経営者が「量ではなく質である」と思っているからです。

でも実際は「量」が決定的に大事なことが多いのです。

 

とても売れているという「キリンビール高知支店の奇跡」(キリンビールの元副社長・田村潤さん著・講談社+α新書)を読みました。

高知支店の支店長時代に、小売店ではなく飲食店回りに営業の「量」を集中させることを起爆剤にして成功した話です。

試行錯誤しながら成功した話ですし、しかも支店全員で成功の喜びを共有し盛り上がっているところが涙が出るほど感動的です。

 

同時期に「どん底営業部が常勝軍団になるまで」(藤本篤志さん著・新潮新書)も読みましたが、ここでも「営業量を増やす」「営業数を増やす」がまず必要であると強調してありました。この本では、営業のコンサルタントとして著者が「コープさっぽろ」の営業改革を実際に行ったことが書いてあり、とても興味深かったです。

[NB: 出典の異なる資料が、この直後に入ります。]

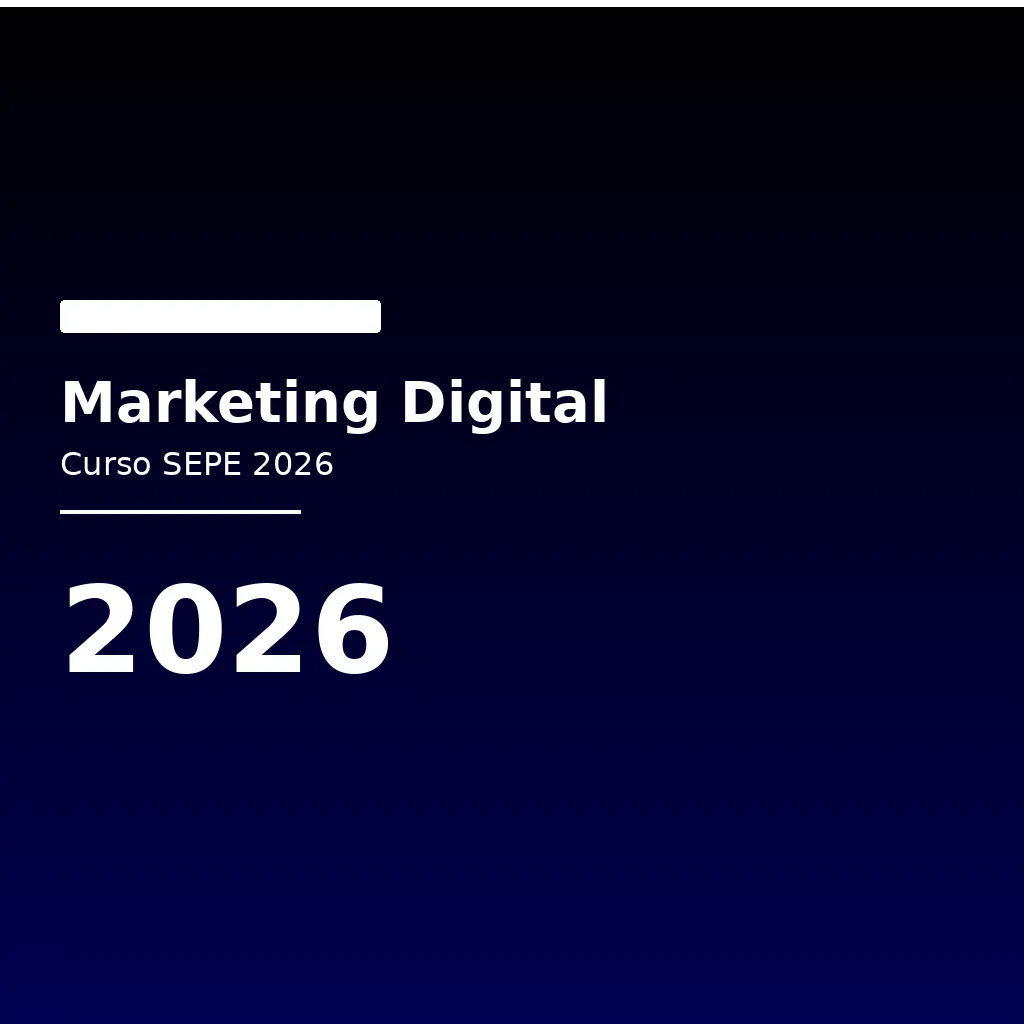 Imagen destacada del Curso de Marketing Digital SEPE especialidades gratuitas, contenidos y salidas profesionales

コンサルタントは「答えを知っていて当たり前」とクライアントに思われながら、改革を進めていかなければならないのですが、実はそうでもなくても(汗)、試行錯誤は許されないところがつらいですね。この本のポイントはそこではないのですけど・・・

 

営業部長や課長が直接担当する顧客(や個人の目標数値)をなくして、部下の担当者の管理・支援に回しましょう、という提案もなかなか受け入れられないものの一つです。担当者に営業日報を時間をかけて書かせるより、上司ときちんと高頻度で面談するほうが大事ですし、同伴営業や面談・指導をちゃんとやるためにも、できる部長や課長の営業担当をはずすことが全体の数字を上げる近道であるというのが定説なんですけど、これはなかなか受け入れられませんね。